Buy in the UK | Buy in Canada

Despite the Edwardian setting, Langley-Hawthorne seems to be writing her characters from a modern progressive checklist: the plot starts when a recreational drug-taking socialist suffragette lesbian wakes up next to the bloody corpse of her lover after they had a public fight about free love. Winifred panics and calls her friend Ursula on their new telephone to ask for help, assuming rightly that heiress and heroine Ursula can call in family favors to protect her.

I'm probably supposed to find this all very advanced and shocking, but by the time we discovered that the murdered woman was bisexual on top of everything else, and that birth control was a major plot point, I had started a social issue bingo card and was looking to see if I could tick off the illicit abortion square.
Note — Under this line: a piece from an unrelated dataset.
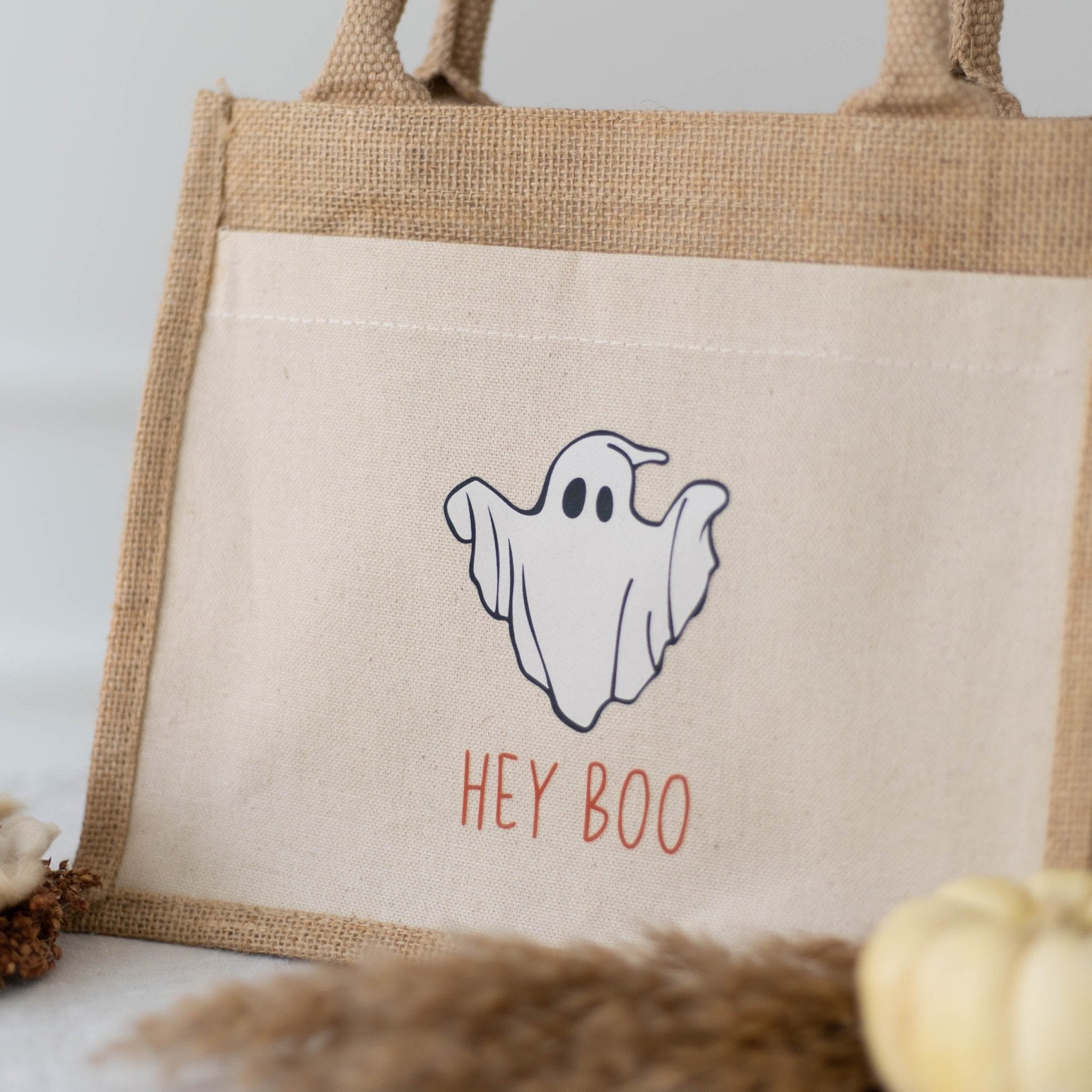 MINI Jutetasche | Halloween Hey Boo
You'd think this would be enough to keep a slender book going, but the murder is soon tied into an ill-fated expedition to the Amazon two decades earlier, especially as more women start dying, with the implication that Ursula herself is next on the mysterious killer's list. But what crime was committed then, and why has retribution taken so long?
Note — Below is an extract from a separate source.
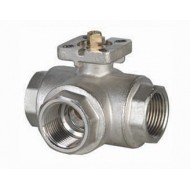 Шаровый кран, 3-ходовой, L-/Т-порт, латунь, Dn8-50, Pn25-40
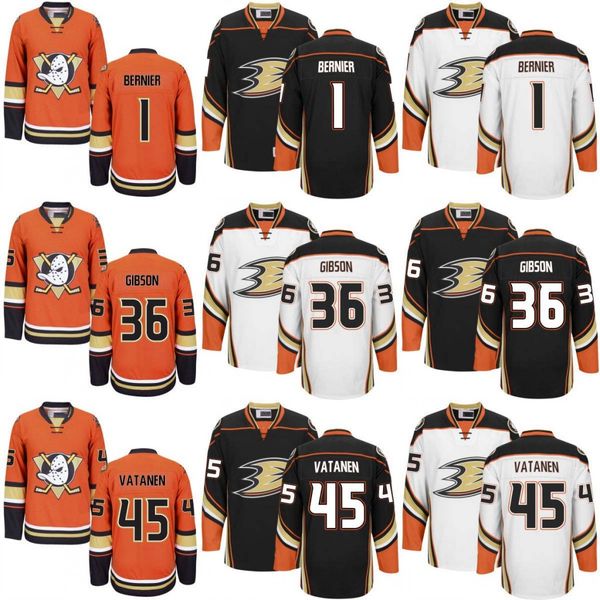 

2017 Anaheim Ducks Hockey Jerseys #45 Sami Vatanen #1 Jonathan Bernier #36 John Gibson Men/Youth Jersey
The blurbs on the cover laud Ursula as a feminist icon. The cover copy calls her a feminist and she is - if you define feminist as a 'shallow cliche of a woman who says the right things and does all the wrong ones'. I found that she summed herself up nicely in one of her own lines - "Everyone's treating me like an interfering schoolgirl… I'm sorry, Winifred, I've been next to useless." Her first action was to call in influential family friend Lord Wrotham, and then for the next half of the book she acts exactly like an interfering, useless schoolgirl. When stonewalled about information about Winifred, she whines and flirts with Wrotham but barely gets a straight answer. When she finally starts actually investigating, she searches Wrotham's room, which is being combed for information about the Amazon expedition. I suppose I should be happy that Ursula was finally doing something proactive, but I couldn't get past the surprise that a murder case was going to be solved without a single visit to the rooms of the deceased or the scene of the crime after the corpse was removed. Just because Langley-Hawthorne knows that the Amazon expedition is the only clue worth following doesn't mean that the characters shouldn't do the most elemental of legwork.
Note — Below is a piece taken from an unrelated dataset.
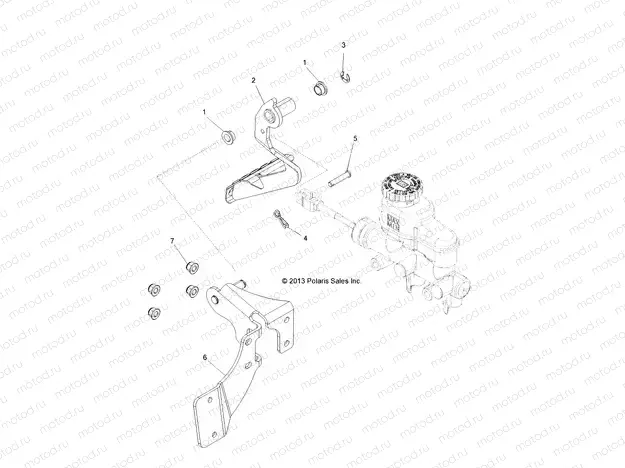 BRAKES | BRAKES, PEDAL AND MASTER CYLINDER - R151DPD1AA/2D (49BRUTUSPEDAL13)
I would love to recommend a book with rich historical detail or a complex puzzle or one with a strong feminist message and heroine. Regrettably, CONSEQUENCES OF SIN is none of the above. The overblown revenge plot overwhelms the sketchy attempts to build historical background. There is little attempt to add twists or red herrings to mask the real motive. And there is more to feminism than having a book where all the women want to vote, but are in actuality being picked off like ducks in a shooting gallery while the heroine interacts more with men than with her peers.